Thank you both.

Indigo,

I spend more time browsing this forum than I do posting in it and I appreciate the information you assemble in your posts. They're great resources. On the vaccine front we have a family member with cancer so we need to be particularly cautious. I am the last unvaccinated adult in the family and luckily I get my first dose next week.

The negative things that happened in my daughter's three-year-old experience at preschool were concerning and remain red flags in my mind. I would not want her elementary school experience to repeat that pattern.

I'm definitely working hard (successfully!) at keeping her immersed in interesting material this year and doing my best to give her attention during the day. My work productivity is taking the hit on that one. My husband is stretched thin working in COVID response but we're both doing what we can. At the moment she's thriving academically but misses being with kids in-person. The extent to which I'm successfully meeting her academic needs makes me wish we could swing homeschool. I'm just feeling very leery of sending her in to a standard classroom next year.
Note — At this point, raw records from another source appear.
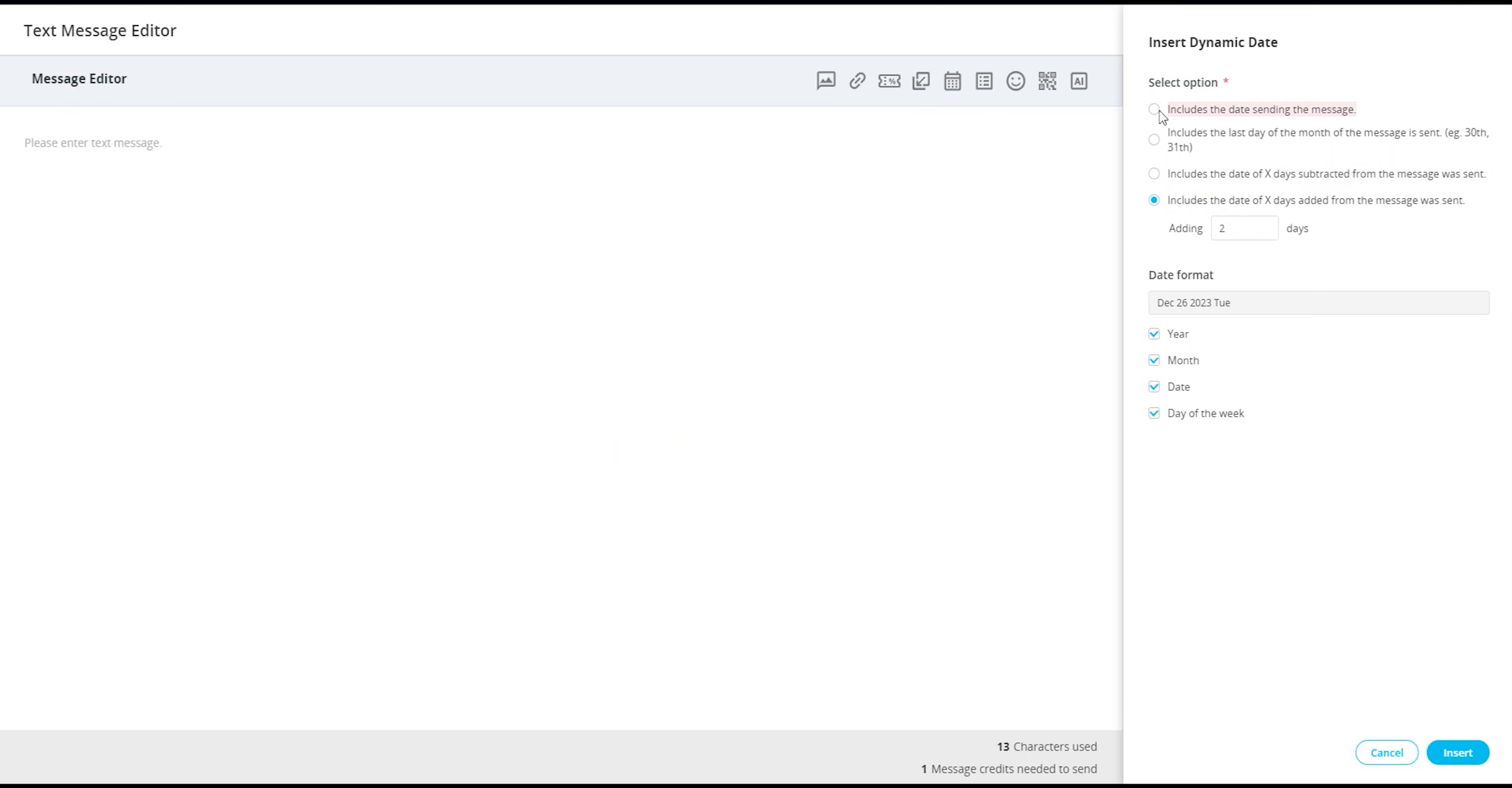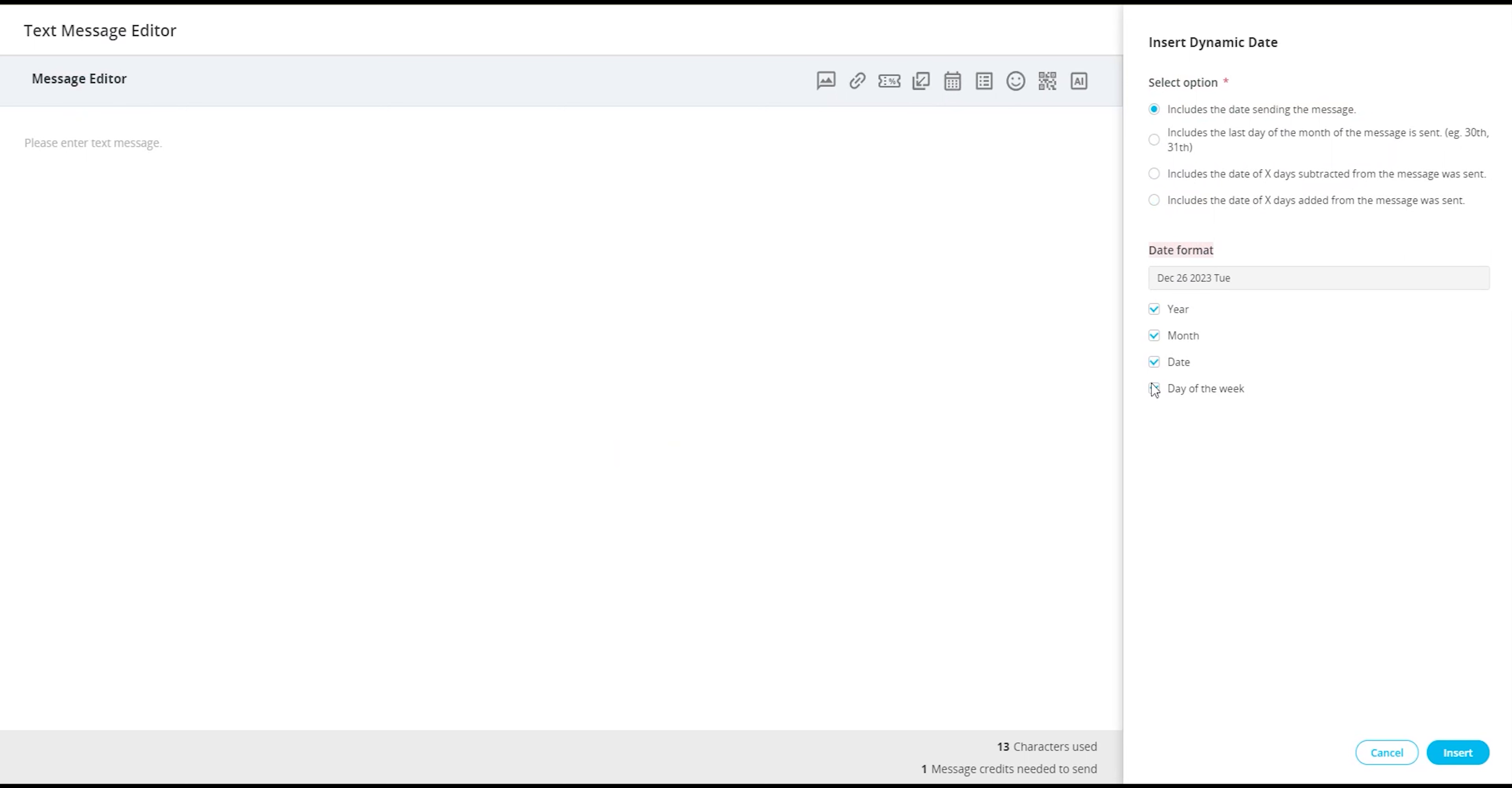Once you have selected the date you would like to insert, you will then format the date. The following options are available in your date format: year, month, date, and day of the week. If you wish to not include a certain option, you can simply deselect the checkbox next to that option.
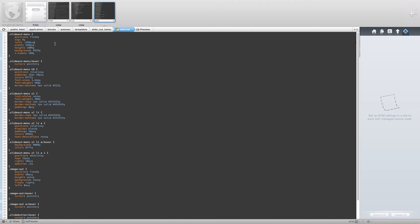We will supply a link to these files in the description for the video, so don't worry about copying down all of the CSS for now.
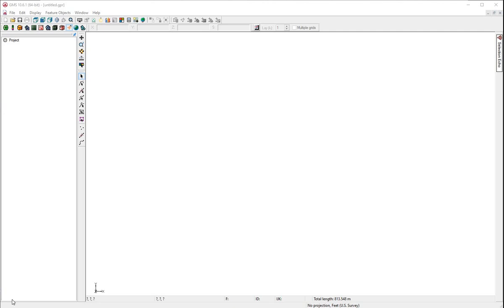In this video, we will create a new Modflow model. Have the GMS software open.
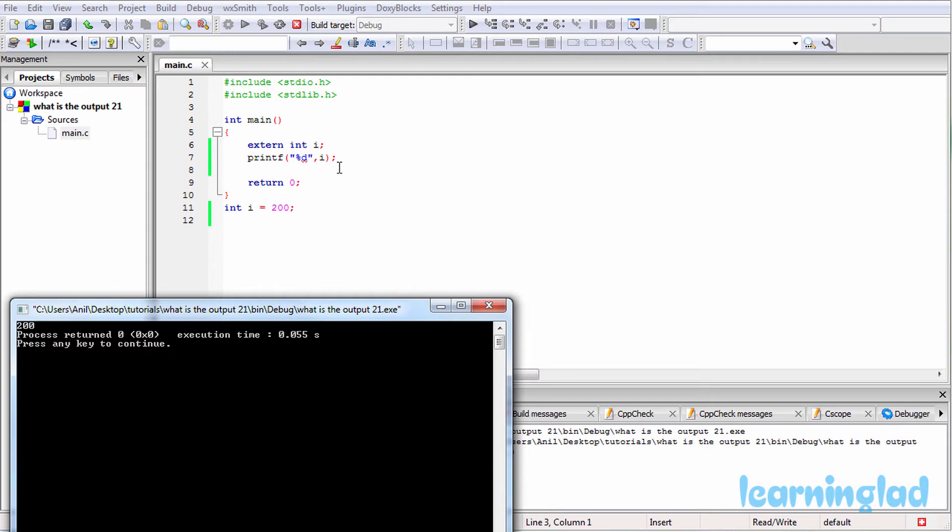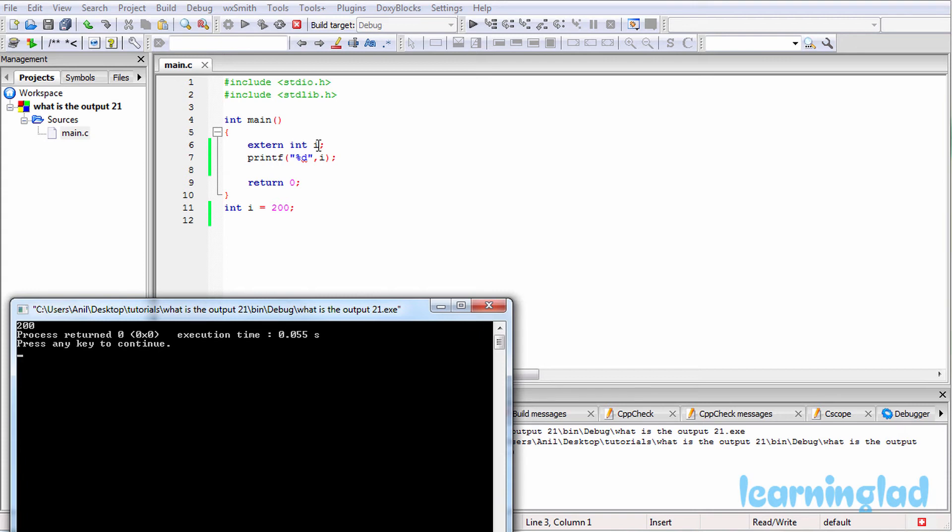Here in this program we have this variable i with external storage class, and this external storage class specifies to the compiler that this variable i is declared somewhere else, and that variable's memory address will be given at the time of linking.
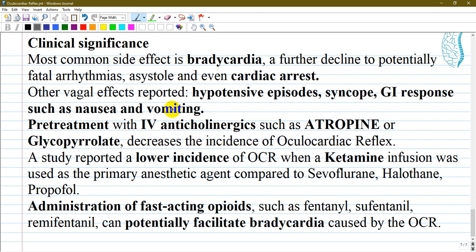One study reported a lower incidence of oculocardiac reflex when ketamine infusion was used as the primary anesthetic agent, compared with inhalatory agents such as sevoflurane and halothane or intravenous propofol. It is also important to note that administration of fast-acting opioids such as fentanyl, sufentanil, and remifentanil can potentially facilitate bradycardia caused by the oculocardiac reflex. Many anesthetic agents have been studied regarding their effects on the reflex, and it is crucial to understand how each acts on it.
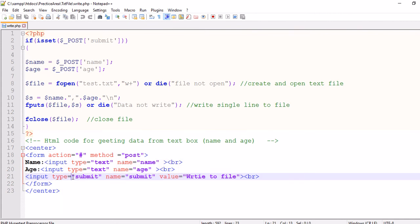So that's it. Here is a very simple code for writing data into file.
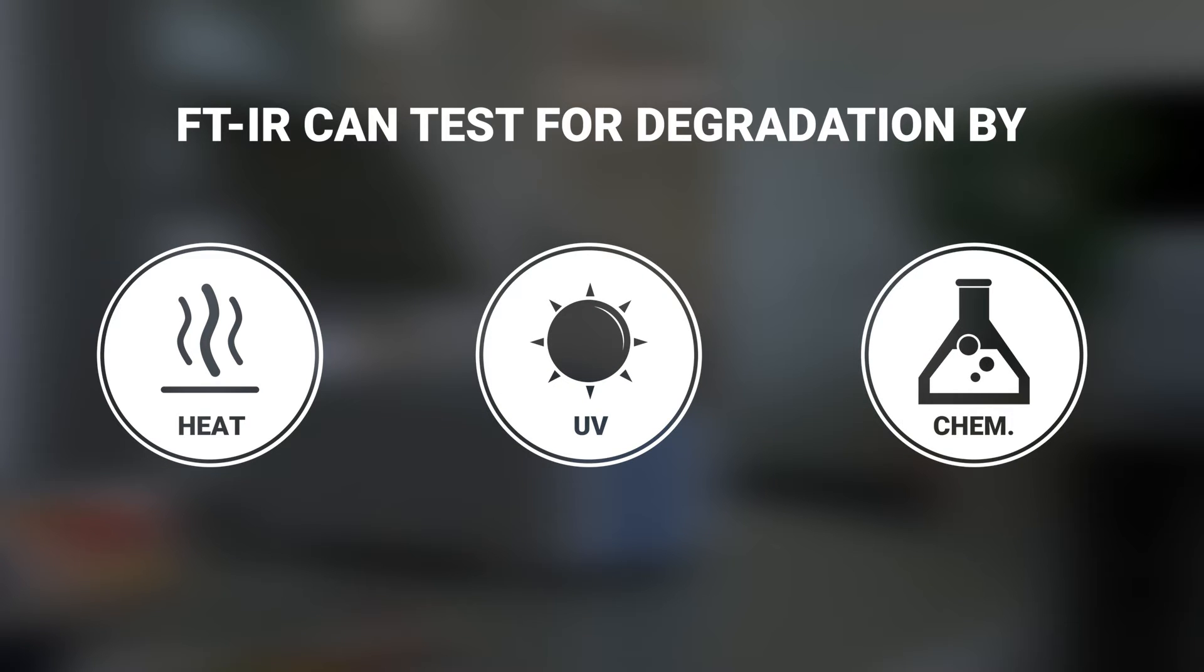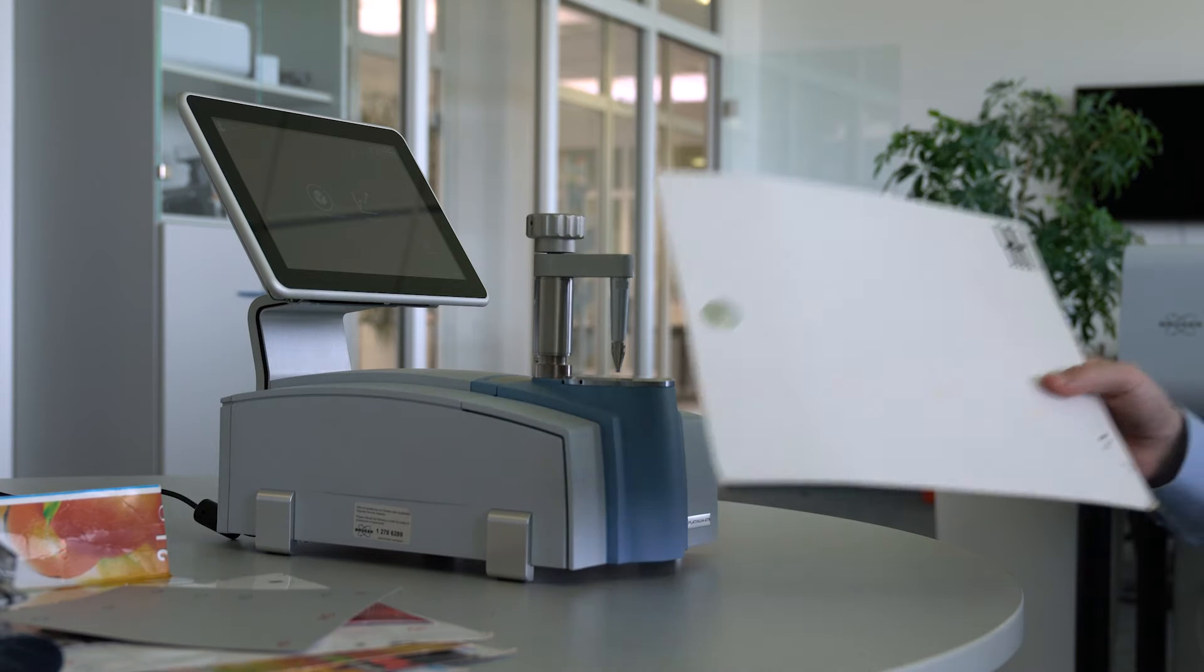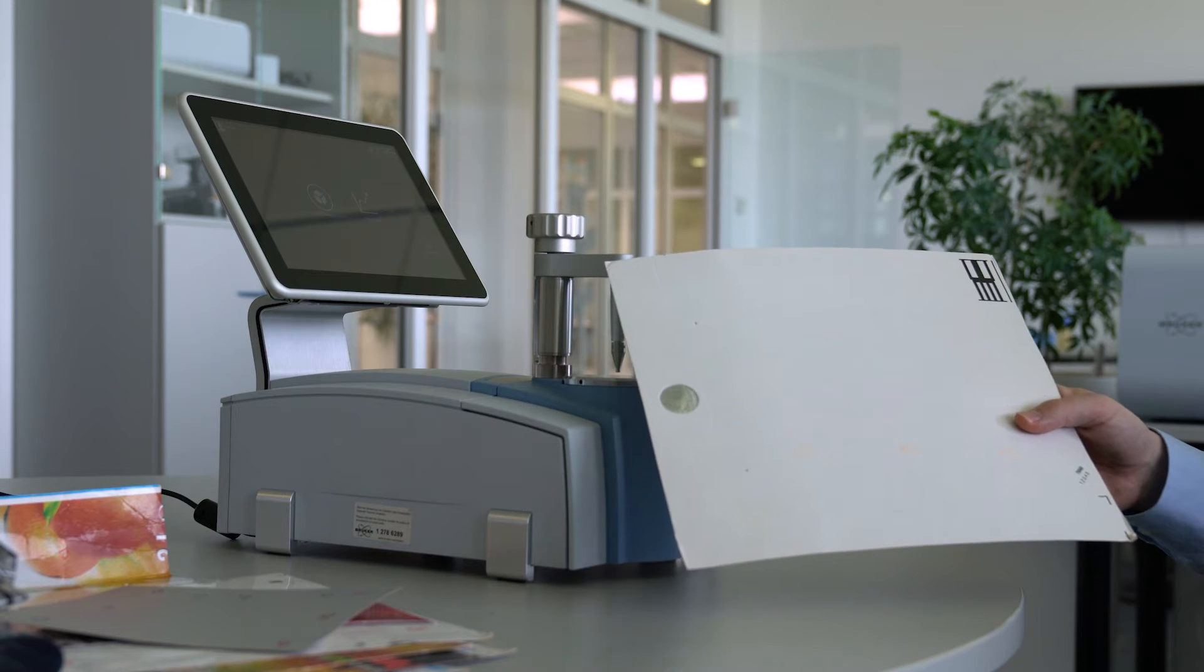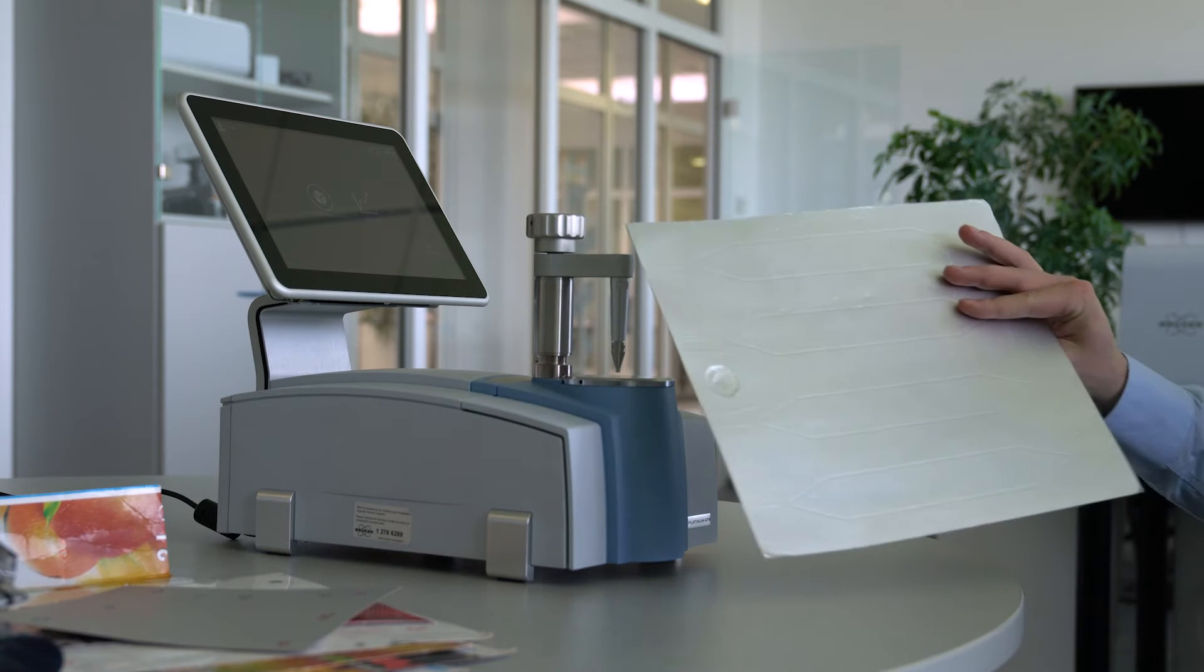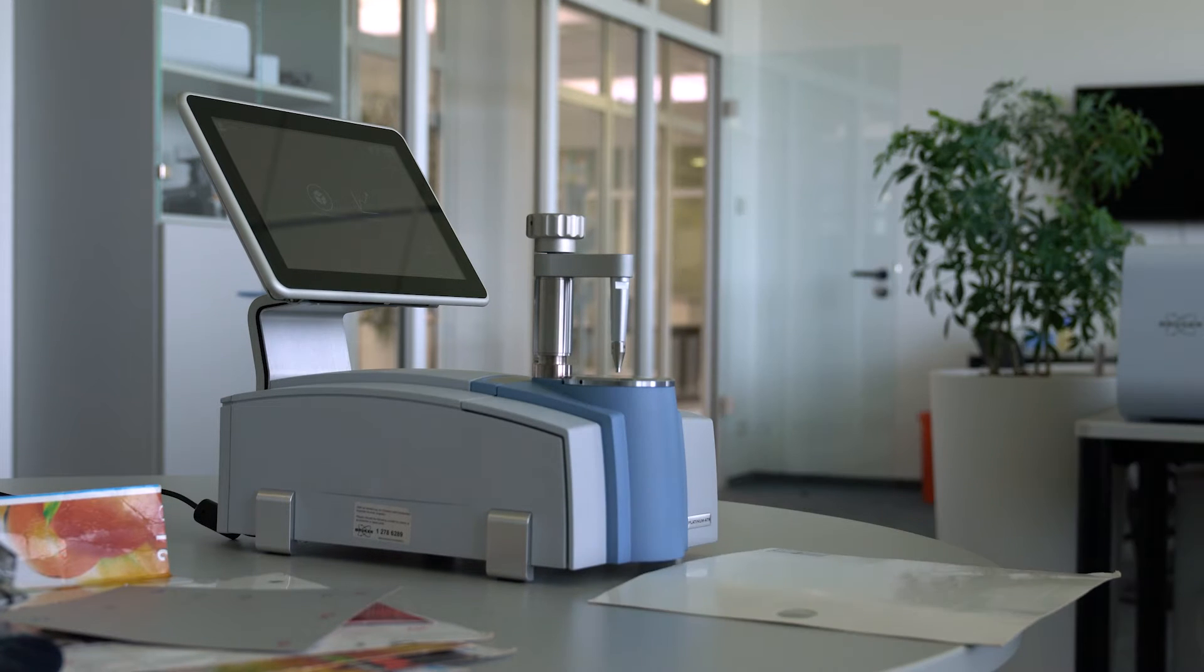In this video, we will check the degree of degradation in a thin layer of polyethylene on the outside of this blank with an alpha-2 FTIR spectrometer.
I am not sure what I can realistically request from her school for kindergarten next year but I wish they could do something like offer her appropriately leveled reading and math with other students, either within her class or by letting her visit a higher grade class. If working at her level means working alone while the rest of her class does different activities I am not sure that will be a positive experience for her.

Aquinas,

Childcare is the huge hurdle preventing us from homeschooling. I am fortunate to have a job that is forgiving of my need to duck in and out of work at the moment due to being at home with children during COVID. It's unsustainable in the long run. I would love to have a half-day or half-week school option not just for kindergarten but beyond. I could move a feasible number of work hours into the evening and let her work on her academic level for at least part of the day.

Wishes aside, I'm currently stuck trying to figure out what, if anything, I can ask our neighborhood school to do for my daughter. My husband and I are on the same page in believing that if attending this school appears to be harming her we will do whatever we need to do to pull her out even if it means one of our careers takes a hit. But that would still be Plan B. I think I have to start there and probe for possibilities.

Do you think these questions are in the right ballpark?

--- What would it look like to opt her out of the many hours of letter-sound exercises they apparently engage in?
--- Can we send books to the class that she could sit and read somewhere cozy? Is the teacher able to engage with her on books for hypothetical independent reading? (the second part seems like a big ask)
--- Could she visit first or second grade for some activities?
--- Am I right in assuming a grade skip is a bad fit when her current level of executive functioning means she isn't always ready to just accept and cooperate with assignments and see them to completion?